U.S. flag

An official website of the United States government

NCBI Bookshelf. A service of the National Library of Medicine, National Institutes of Health.

Ustekinumab (Stelara) [Internet]. Ottawa (ON): Canadian Agency for Drugs and Technologies in Health; 2017 Apr.

Cover of Ustekinumab (Stelara)

Ustekinumab (Stelara) [Internet].

Show details

APPENDIX 5VALIDITY OF OUTCOME MEASURES

Aim

To summarize the measurement properties (e.g., reliability, validity, minimally clinically important difference [MCID]) of the following outcome measures used in the studies included in this submission:

  • Crohn’s Disease Activity Index (CDAI)
  • Inflammatory Bowel Disease Questionnaire (IBDQ)
  • Short Form (36) Health Survey (SF-36)
  • Work Limitations Questionnaire (WLQ)

Findings

Crohn’s Disease Activity Index

The National Cooperative Crohn’s Disease Study Group developed the CDAI using prospective data gathered from 187 visits of 112 patients suffering from Crohn’s disease (CD).57 It is a disease-specific index and considered the standard for assessing CD activity. The CDAI consists of eight domains that are used to evaluate overall disease severity. The overall score is based on the sum of the weighted value of each item and ranges from 0 to 600; a score of 150 is defined as the threshold between remission and active disease. Scores ranging between 150 and 219 indicate mild-to-moderate CD and scores ranging between 220 and 450 indicate moderate-to-severe CD, whereas scores above 450 indicate very severe CD.58,59 Item scores are derived using patient diaries, which are based on the seven days preceding each visit. Generally, the CDAI is considered impractical for use in clinical practice, as it has no MCID clearly defined.59,60 Originally, changes of 50 points in the CDAI were associated with physician evaluation of “slightly better” and/or “slightly worse” compared with baseline.57,59,60 However, clinical trials have commonly used changes of 50, 60, 70, or 100 points in CDAI to define clinical response.59 More recently, the FDA and the European Medicines Agency (EMA) have suggested that a change of 100 points in CDAI is considered to be a more meaningful response (i.e., enhanced clinical response).59

Development of the CDAI

Gastroenterologists considered 18 parameters to inform the CDAI, including the following CD domains: subjective patient symptoms and need for symptomatic medications; objective clinical findings on physical examination; extra-intestinal manifestations of CD; complications of CD (e.g., fistulas); radiologic and endoscopic examinations; and laboratory parameters. A global assessment score was also assessed at each visit by the gastroenterologist based on the following scheme: “very well” = 1, “fair to good” = 3, “poor” = 5, “very poor” = 7.

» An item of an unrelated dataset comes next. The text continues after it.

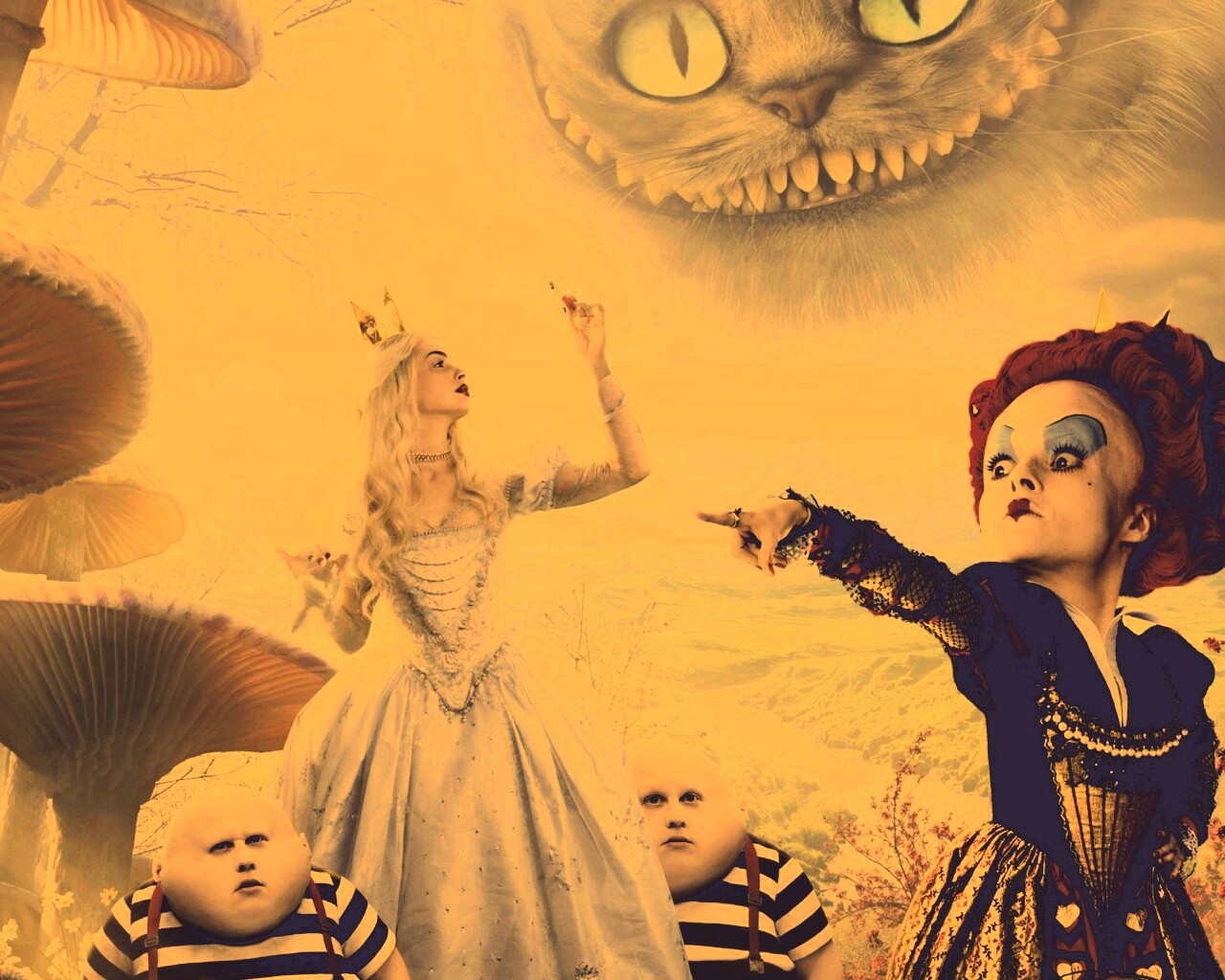 Персонажи из "Алиса в стране Чудес" обои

Multiple regression and backwards stepwise deletions were utilized to assess the correlation between the 18 parameters and the physician global assessment score. Based on the results of the correlations, eight independent weighted (weighting ranges from one to 30) variables were included in the final CDAI formula.

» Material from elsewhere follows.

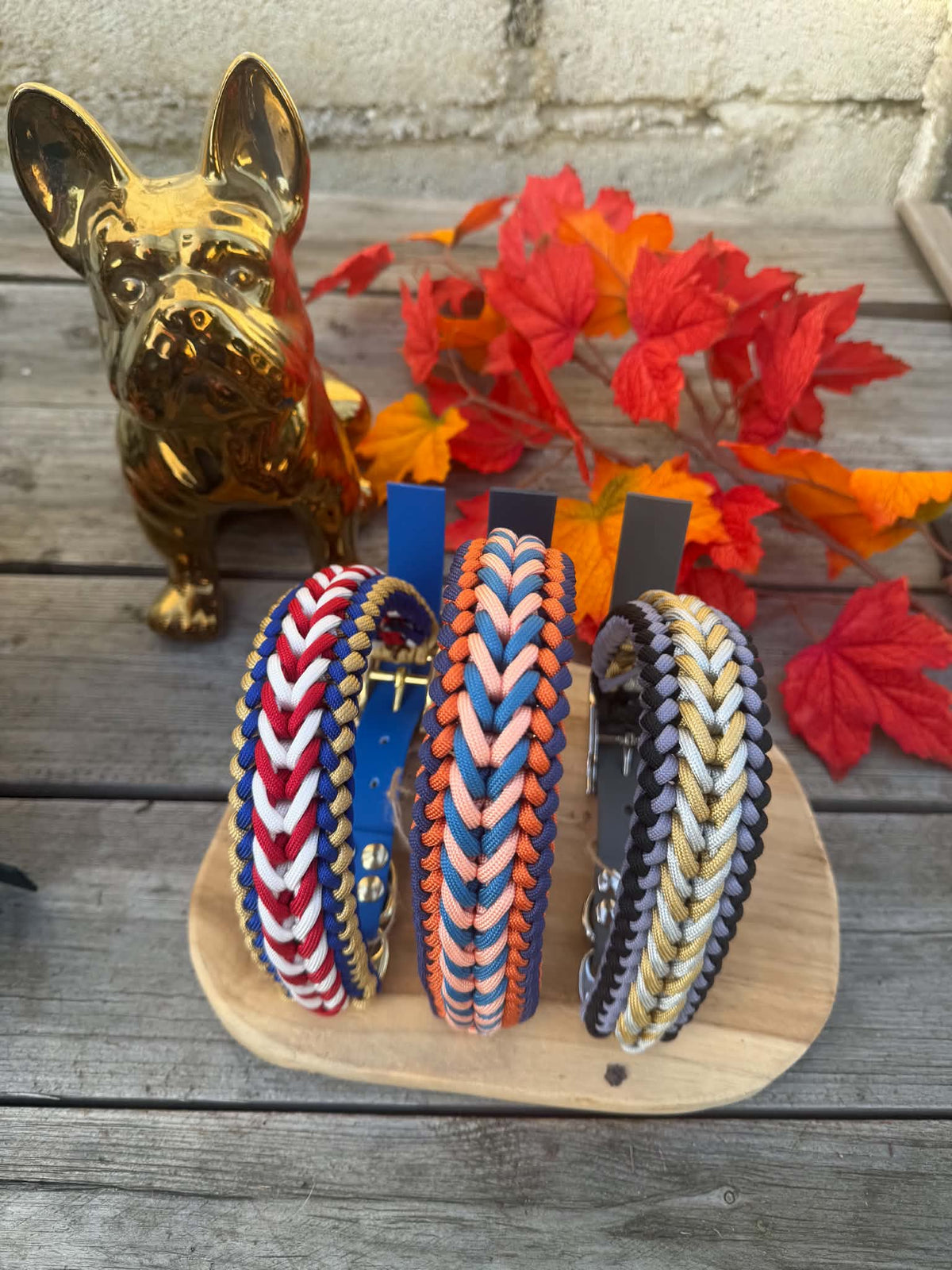 Collier Chien Paracorde - Happy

Table 36Final Items Included in the CDAI and Their Weights

Item (Daily Sum Per Week)Weight
Number of liquid or very soft stools2
Abdominal pain score in one week (rating: 0 to 3)5
General well-being (rating: 0 to 4)7
Sum of findings per week:
  • Arthritis/arthralgia
  • Mucocutaneous lesions (egg, erythema nodosum aphthous ulcers)
  • Iritis/uveitis
  • Anal disease (fissure, fistula, etc.)
  • External fistula (enterocutaneous, vesicle, vaginal, etc.)
  • Fever > 37.83C
20
Antidiarrheal use (e.g., diphenoxylate hydrochloride)30
Abdominal mass (none = 0, equivocal = 2, present = 5)10
47 minus hematocrit (males) or 42 minus hematocrit (females)6
100 × (1 − [body weight divided by standard weight])1

Source: Best et al.57

Reliability of the CDAI

Reliability was not originally assessed during the development of the CDAI; however, the index did provide good to very good test–retest reliability, evaluated based on two successive visits for 32 patients.57,58 The CDAI was subsequently re-evaluated and re-derived using data collected from 1,058 patients. This demonstrated little difference from the original formulation; therefore, the original version was recommended.61

Validity of the CDAI

Content validity: The items included in the CDAI were selected by gastroenterologists and are based on accepted features of CD, therefore demonstrating content validity.58

Construct validity: The CDAI appears to be able to distinguish between differing levels of CD severity.

The CDAI appears to be widely used in clinical trials, and is a measure accepted by gastroenterologists as a primary end point to assess CD activity. In contrast, the CDAI does not appear to be reflective of CD activity for pediatric patients suffering from CD, nor does the instrument address all aspects of CD such as quality of life.58

Criterion validity: Selecting a gold standard measure for comparison is difficult when considering CD because of the heterogeneous nature of its manifestations. Generally, the CDAI does not demonstrate any significant correlation between the overall score and objective measurements such as mucosal healing; however, the lack of correlation may not be indicative of a lack of criterion validity, given the multi-faceted nature of CD.58 Predictive validity is another component of criterion validity. One study demonstrated that the CDAI scores increased two months preceding exacerbations of CD and decreased one month following exacerbations of CD, therefore demonstrating criterion validity.58

The CDAI score appears to vary depending on the observer,, even if the observers are evaluating the same case histories.62

Limitations of the CDAI

The overall CDAI score is derived from some subjective items such as “general well-being” and “intensity of abdominal pain” based on patient perception.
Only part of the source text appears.